Here is one of our favorite temples, the ancient temple of Karnak in Luxor. The temple complex is larger than St. Peter’s Basilica in the Vatican and St Paul’s in London put together. This hall is unique in the world. There are 134 of these pillars, each about 8 foot in diameter, and 60 feet high. It felt like we were standing in an artificial redwood forest.

Last blog I wrote of the crazy drivers. Unfortunately, on the day I wrote that, one of our British friends, Muneeb, was hit by a passing bus. Siena and I experienced both the medical system and the police system in Egypt in one evening. The hospital was efficient and relatively inexpensive (at least for me, coming from a country with a for-profit health care system). The police kept wanting me to “accuse” someone. I didn’t understand why. The word “accident” means it wasn’t intentional, right? We are delighted that, despite a broken foot, Muneeb is otherwise fine. This picture was taken earlier in the day.
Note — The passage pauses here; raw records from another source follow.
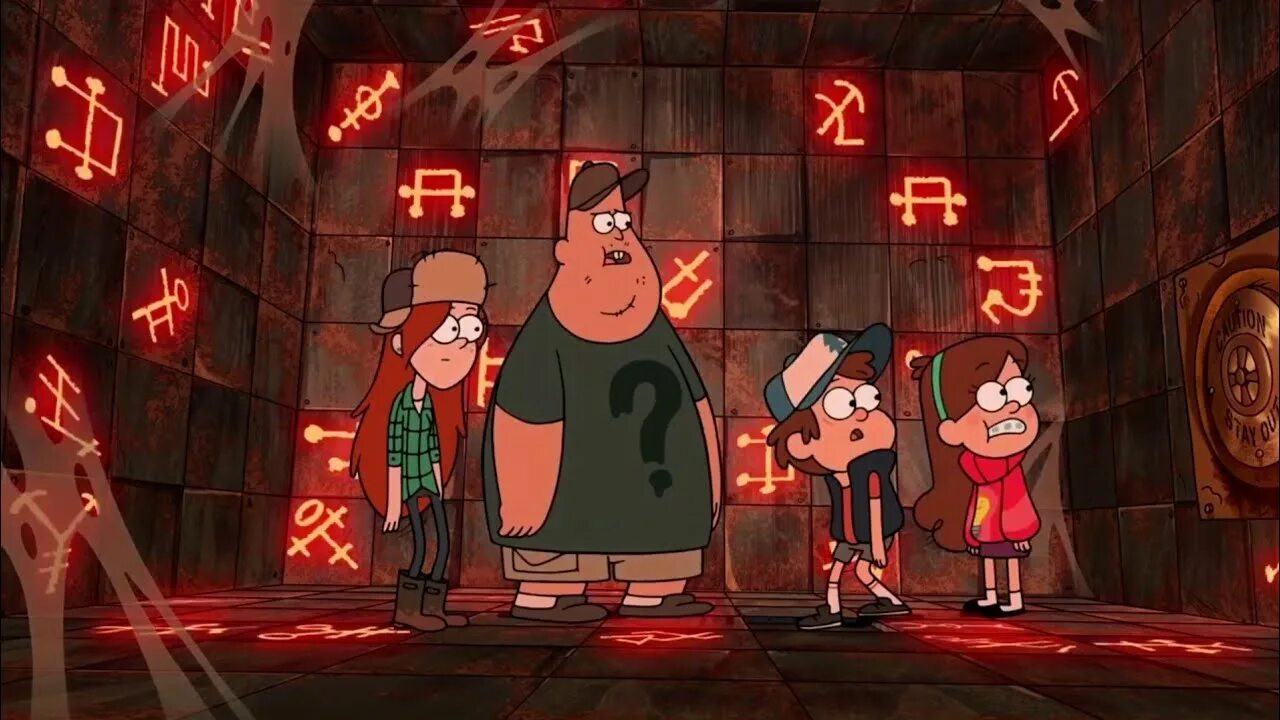 Марафон на канале дисней. Канал disney марафон. Вверх на канале дисней. Канал disney марафон. Елена принцесса авалора на канале disney.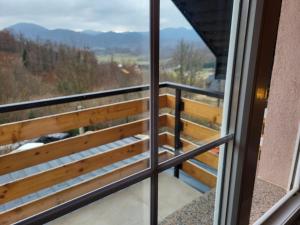 Kuća za 10 osoba s jacuzzijem i biljarom Mrkopalj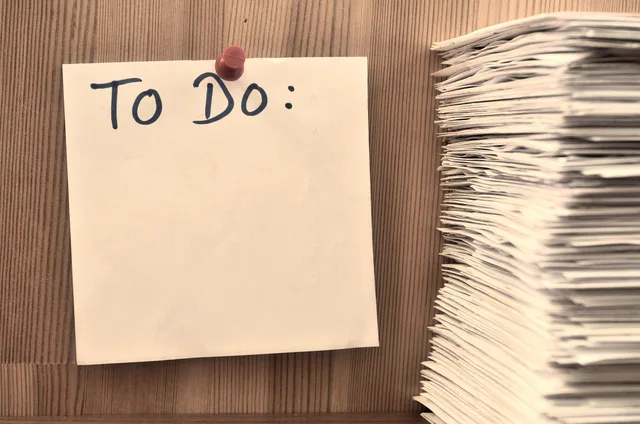 tasks, plan, goal, note, list, checklist, organization, tasks, list, list, list, checklist, checklist, checklist, checklist, checklist. Running an invoice financing facility well takes a checklist for every stage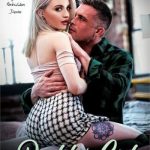 Daddy’s Girl 3 (Family Sinners) [2021]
He sure wasn’t climbing up to the top of the Valley of the Kings in a cast with crutches…

In the rest of the world we have visited, a price is a price. Costs are more or less fixed. Here, the price is whatever the market (read: sucker) will bear. We bought a hat at the market, very proud of ourselves from getting the price down from 125 gineah (Egyptian pounds) to 40, only to have an Arabic speaking friend buy the same hat from a different vendor for 20 gineah. We did better than my father in Turkey, though, where he bought a small bag of chestnuts for 10 Euro (15 dollars, at the time of purchase). I believe it amounted to a buck fifty for each chestnut. And, they didn’t even taste good. In Egypt, it is definitely Caveat Emptor—Buyer Beware!

There are many places in the world where I can blend in, look like a local. Kim has fewer such countries. Here, no matter if we learn the correct pronunciation of the handful of phrases we’ve learned, we stick out like foreigners wearing Hawaiian print shirts and cameras around our necks. The Egyptian people are very friendly, and want to try their English phrases on us. “Hello, what’s your name? Where are you from?” We frequently have our pictures taken, sometimes with a stranger’s arm draped around our shoulders, sometimes in a crowd of children. The local children are very interested in our children, and we joke that our Frisbee is the best ambassador/icebreaker ever.

Itsa Eid (Happy Eid in Arabic)



How can you help being happy with sunsets like this over the Nile?? Taken, I must add, by Ethan!